Mis mejores recuerdos de infancia y adolescencia son de los veranos, que por lo demás eran larguísimos. Cada primero de enero mis abuelos armaban los bolsos, cargaban el auto y partían conmigo, mi hermano y tres primos más a la casa de la playa donde nos quedábamos hasta justo antes de entrar a clases. Era ya una tradición, no había ninguna posibilidad de que alguno hiciera planes en otro lugar, al menos durante esos meses. Y tampoco queríamos hacerlo, porque fue allí donde viví, y creo que todos, las mejores e inolvidables historias de nuestras vidas.
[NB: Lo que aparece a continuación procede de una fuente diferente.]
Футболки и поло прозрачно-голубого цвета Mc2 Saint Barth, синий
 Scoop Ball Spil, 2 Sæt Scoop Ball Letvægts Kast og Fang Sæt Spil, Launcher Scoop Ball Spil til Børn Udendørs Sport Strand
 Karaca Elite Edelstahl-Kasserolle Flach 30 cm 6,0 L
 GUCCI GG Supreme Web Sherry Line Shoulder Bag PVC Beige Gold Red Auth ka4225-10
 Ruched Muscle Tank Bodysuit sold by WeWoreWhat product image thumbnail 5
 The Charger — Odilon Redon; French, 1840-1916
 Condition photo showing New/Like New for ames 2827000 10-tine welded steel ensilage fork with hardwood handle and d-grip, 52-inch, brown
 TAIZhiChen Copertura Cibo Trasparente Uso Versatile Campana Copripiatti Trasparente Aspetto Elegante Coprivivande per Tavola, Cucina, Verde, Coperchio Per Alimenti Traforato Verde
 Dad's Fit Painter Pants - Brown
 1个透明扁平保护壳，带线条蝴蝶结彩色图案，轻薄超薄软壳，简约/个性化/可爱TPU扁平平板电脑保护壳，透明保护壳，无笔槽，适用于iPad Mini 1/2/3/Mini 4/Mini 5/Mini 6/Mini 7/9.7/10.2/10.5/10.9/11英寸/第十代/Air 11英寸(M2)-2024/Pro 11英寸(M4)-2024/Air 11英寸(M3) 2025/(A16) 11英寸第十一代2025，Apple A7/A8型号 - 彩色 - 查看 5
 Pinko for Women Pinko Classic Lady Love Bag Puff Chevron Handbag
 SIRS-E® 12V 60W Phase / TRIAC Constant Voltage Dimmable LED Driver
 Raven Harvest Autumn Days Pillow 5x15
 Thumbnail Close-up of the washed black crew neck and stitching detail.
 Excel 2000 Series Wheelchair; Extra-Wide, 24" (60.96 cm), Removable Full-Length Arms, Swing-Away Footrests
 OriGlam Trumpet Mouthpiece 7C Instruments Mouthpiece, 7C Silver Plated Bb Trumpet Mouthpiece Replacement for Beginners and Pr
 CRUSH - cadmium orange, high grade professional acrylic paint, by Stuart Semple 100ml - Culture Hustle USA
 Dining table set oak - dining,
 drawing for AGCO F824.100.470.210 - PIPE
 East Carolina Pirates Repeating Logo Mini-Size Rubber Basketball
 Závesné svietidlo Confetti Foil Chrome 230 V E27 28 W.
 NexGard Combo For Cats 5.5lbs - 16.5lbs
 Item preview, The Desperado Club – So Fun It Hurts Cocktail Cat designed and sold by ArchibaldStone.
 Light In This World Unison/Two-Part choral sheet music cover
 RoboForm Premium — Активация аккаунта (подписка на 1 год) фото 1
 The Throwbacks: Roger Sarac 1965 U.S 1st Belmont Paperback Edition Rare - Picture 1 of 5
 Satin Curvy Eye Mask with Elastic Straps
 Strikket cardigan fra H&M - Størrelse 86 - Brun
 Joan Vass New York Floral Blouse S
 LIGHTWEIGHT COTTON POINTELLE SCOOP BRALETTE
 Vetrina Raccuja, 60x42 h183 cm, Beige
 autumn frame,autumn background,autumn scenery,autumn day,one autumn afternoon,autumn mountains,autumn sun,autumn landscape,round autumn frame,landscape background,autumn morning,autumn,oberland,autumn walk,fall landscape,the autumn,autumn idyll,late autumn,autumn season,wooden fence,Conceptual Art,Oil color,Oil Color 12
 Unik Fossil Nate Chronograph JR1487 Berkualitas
Recuerdo días enteros en la arena comiendo dulces de la Ligua, corriendo por las rocas y recolectando conchitas de mar para decorar los castillos de arena. Y en las tardes, el mejor momento del día, cuando nos arreglábamos para ir a los juegos y a veces a comer uno que otro churro en un carrito que se ponía cerca del tajamar. Luego, cuando más grandes, recuerdo los grupos de amigos entrañables, el primer amor, el primer cigarro –Life, en ese tiempo– y lo mejor, las fogatas nocturnas en la playa.
La rutina era idéntica todos los días: despertábamos tarde y ya no nos gustaba tanto estar todo el día en la playa como cuando niños. Bajábamos tarde porque ahora, más que estar al sol, nos importaba elegir la mejor pinta, esa que cuando eres adolescente crees que es increíble y que ahora miro en fotos y solo me avergüenza. Cuando terminaba la puesta de sol todo el grupo de amigos se iba a sus casas para abrigarse y prepararse para la noche. Cerca de las nueve de la noche nos juntábamos en el centro y después de recolectar algo de plata para lo que tomaríamos, partíamos a nuestro destino. Algunas veces era la casa de alguno del grupo, otras alguna disco de mala muerte, y otras, el lugar elegido era la playa. Esas noches eran mis favoritas. Nos sentábamos en la arena todos en círculo y algunos se hacían cargo de buscar palos para prender fuego. La excusa era el frío, pero más que por la sensación térmica, la fogata se prendía porque le daba un ambiente distinto a la noche.
El fuego convoca, siempre ha sido así. De a poco, mientras avanzaba la noche se sumaban más personas y nuevas historias. No faltaba el que llegaba con la guitarra y terminábamos todos –con varios vinos encima– cantando canciones cebolla sobre la amistad y el amor, que después se transformaron en himnos de nuestra amistad. Suena cursi, pero en la adolescencia esas cosas marcan. Como cuando quedé sentada al frente al “amigo” que me gustaba, y según yo, cantamos mirándonos a los ojos. Nunca pasó nada más, pero bastó el fuego, la música y su presencia para dejar en mí un recuerdo inolvidable.
Ahora pienso en esa garrafa de vino que pasaba de boca en boca y no me puede generar otra sensación más que asco, pero en ese tiempo hasta ese gesto resultaba ser un ritual agradable. Contar historias también lo era. La oscuridad y el fuego invitaban a hacerlo y si eran de terror mejor aun, porque después uno podía encontrar el consuelo en un abrazo. Creo que esa intimidad que generaban las fogatas en la playa era lo que más me gustaba, a diferencia de la disco o en una casa, donde todos estábamos más expuestos y por lo mismo se generaban otras dinámicas.
La brisa del mar, el espacio abierto, la oscuridad y el calor del fuego me hacían sentir cómoda y libre. Tanto que algunas veces nos quedamos hasta que el fuego se extinguiera solo para ver el amanecer. Después teníamos que entrar en puntillas a la casa para que mis abuelos no notaran que nos habíamos pasado de la hora permitida de llegada. Pero aunque muchas veces no lo logramos y nos llegó reto. Valía la pena por esos momentos.